::: Information supplied :::
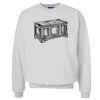 Unisex Ultimate Cotton® Crewneck Sweatshirt Thumbnail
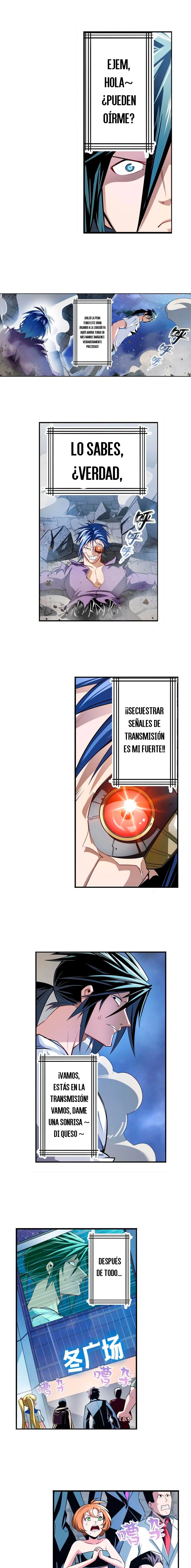 ¿Héroe? Lo deje hace mucho tiempo capítulo 300, página 8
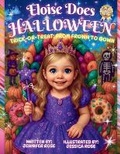 Cover: Eloise Does Halloween - Giggle Box Books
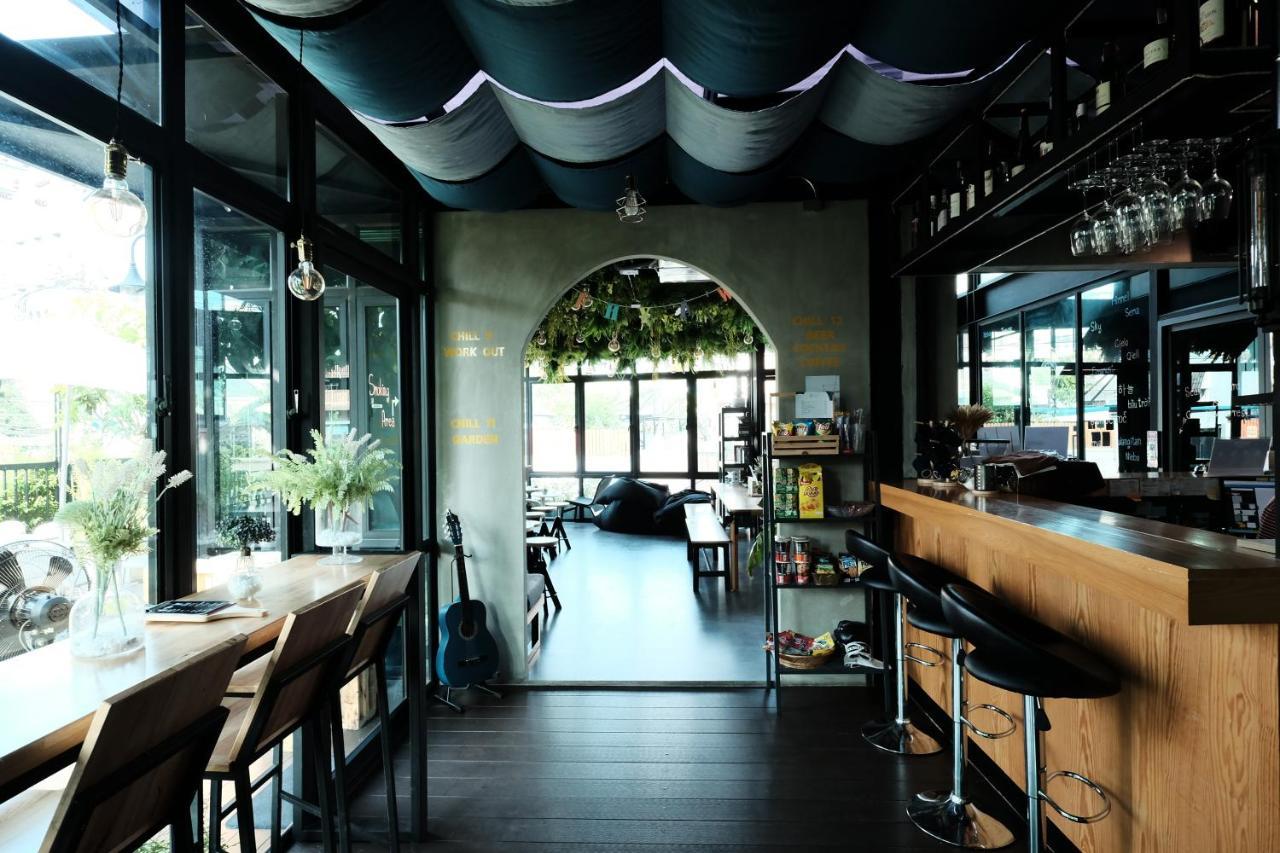Wayha Hostel Don Mueang Airport Бангкок Экстерьер фото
:::
- **Your assignment**
A verbatim transcript of the material above, with images dropped, is the expected output.

- **Exercise solution**
 Unisex Ultimate Cotton® Crewneck Sweatshirt Thumbnail
 ¿Héroe? Lo deje hace mucho tiempo capítulo 300, página 8
 Cover: Eloise Does Halloween - Giggle Box Books
Wayha Hostel Don Mueang Airport Бангкок Экстерьер фото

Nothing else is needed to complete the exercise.